Something - Indexed and non indexed attributes

What if we have a search that has attributes to match that have a combination of indexed and non indexed fields? Do we duplicate the CODB search code in our new wedge that will only search the subset of objects that matched from the indexed attributes? That would be undesirable… If we do not index everything… when we get a new search request - we will first check if each attribute “is_indexed”. If they are all indexed, we will use our indexes to get a fast response. If any of the attributes in our search criteria are NOT indexed, we will fall-back to a non indexed search using the existing CODB code.

Something - All Indexed attributes

This is our best search case. If we are searching and ALL of our attribute criteria have indexes available - we will just build a list of OID's from each of the indexes - and then iterate in memory for the list of OID's that are in all indexes.

What to index

This is the next piece of research that needs to happen. We need to look at the existing searches that are regularly performed across CODB, and find out which are our common attribute patterns for our search criteria.

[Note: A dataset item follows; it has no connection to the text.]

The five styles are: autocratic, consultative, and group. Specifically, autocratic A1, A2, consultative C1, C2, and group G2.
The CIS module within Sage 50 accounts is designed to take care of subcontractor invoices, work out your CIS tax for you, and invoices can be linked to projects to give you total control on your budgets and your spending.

What to index - where to store our "is indexed" definitions

Lets say we define our list of attributes to index. We need to store that somewhere. My thinking is that we would store that in the System object. On startup, we would have a constructor that would read that field - and build a new “indexed” index that we can use later on.

The actual indexes

Assuming we use BDB indexing, I would assume that we are not storing the actual data in the indexes. Instead, we will just store hashes in the indexes. Our structure could therefore be class.attribute.hash as our search key, with an OID as the resultant return data…. or class.namespace.attribute.hash if this is a namespace indexed field…

What now

Before writing any pseudo code, I think we need to review the existing CODB code and documentation to see what was intended by the Cobalt designers.